THE PROBLEM -
Leaving out the pictures, please reproduce exactly and only the lines from the one that contains "AY Ergonomic Electric" through the last line below.
---*---
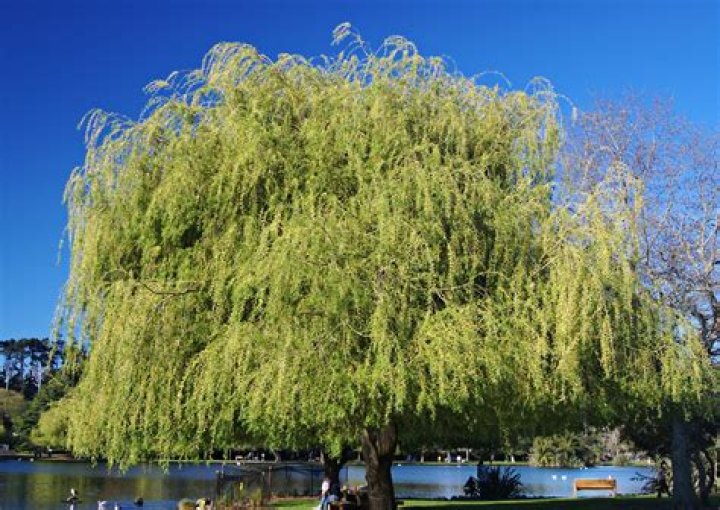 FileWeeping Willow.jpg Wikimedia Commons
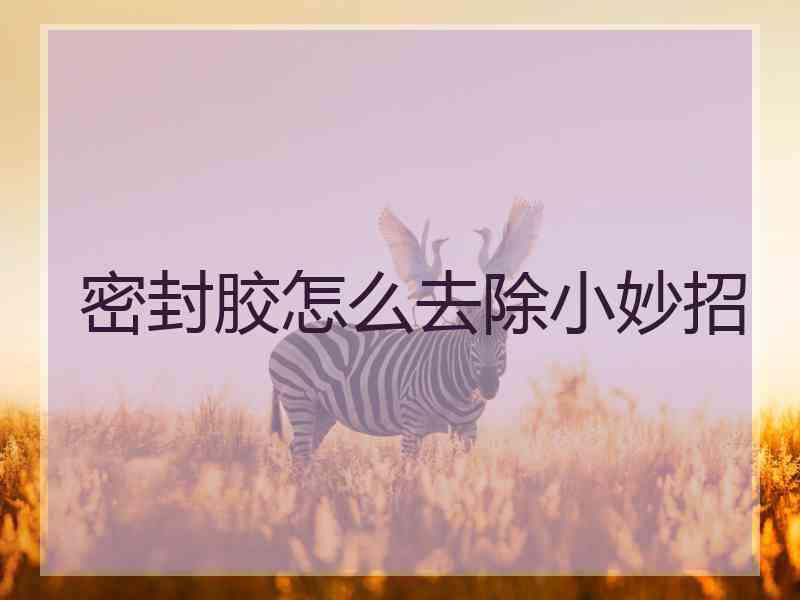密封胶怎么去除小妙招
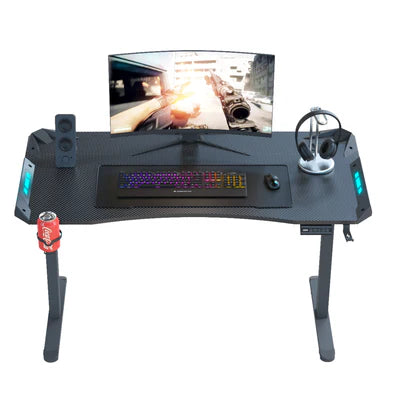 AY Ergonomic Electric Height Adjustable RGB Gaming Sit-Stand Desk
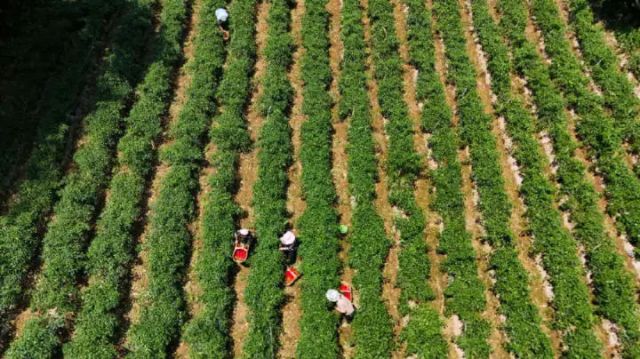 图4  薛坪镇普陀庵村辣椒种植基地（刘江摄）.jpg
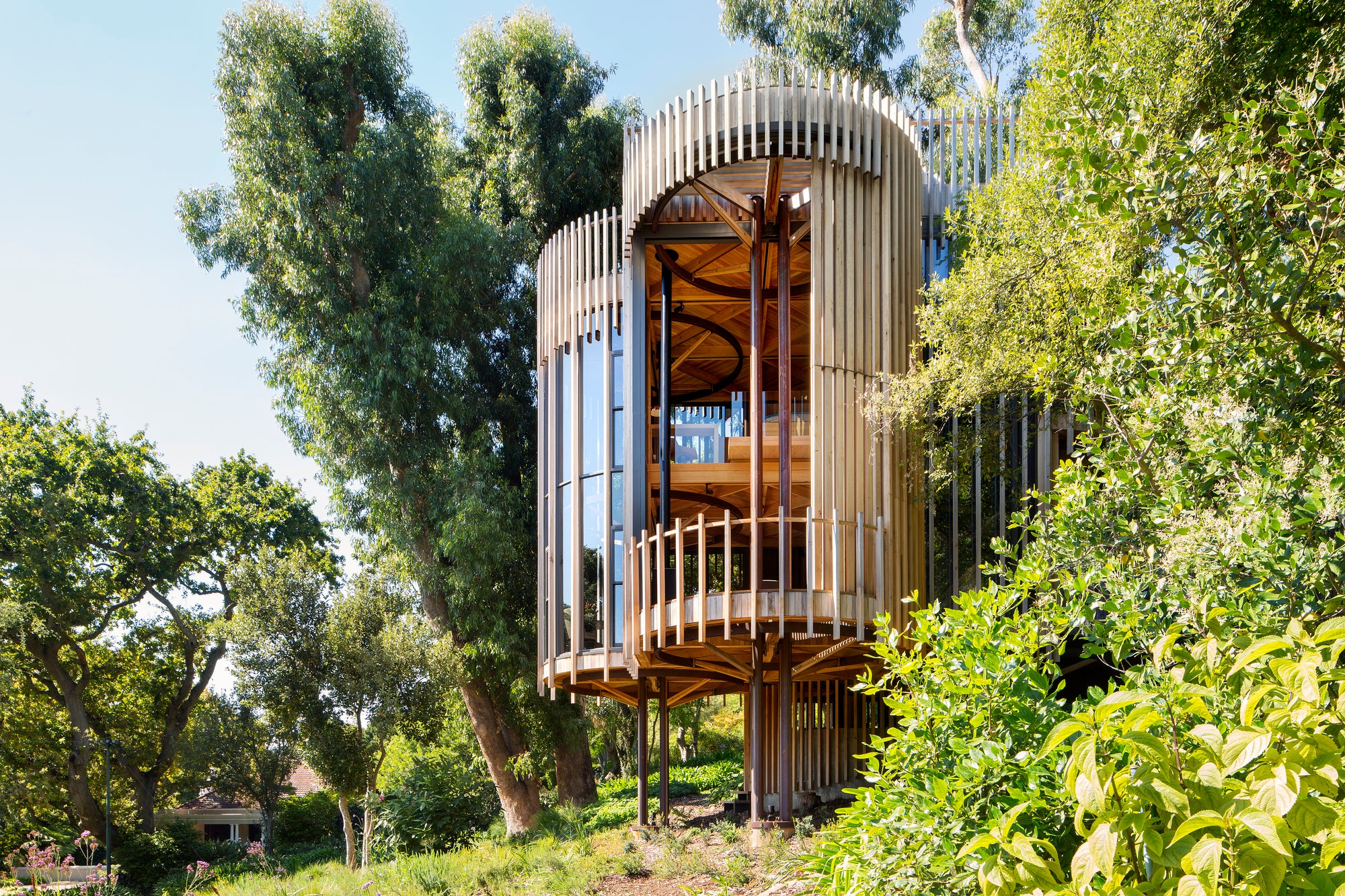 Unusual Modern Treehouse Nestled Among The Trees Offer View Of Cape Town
---*---
OUTPUT OF THE EXERCISE -
 AY Ergonomic Electric Height Adjustable RGB Gaming Sit-Stand Desk
 图4  薛坪镇普陀庵村辣椒种植基地（刘江摄）.jpg
 Unusual Modern Treehouse Nestled Among The Trees Offer View Of Cape Town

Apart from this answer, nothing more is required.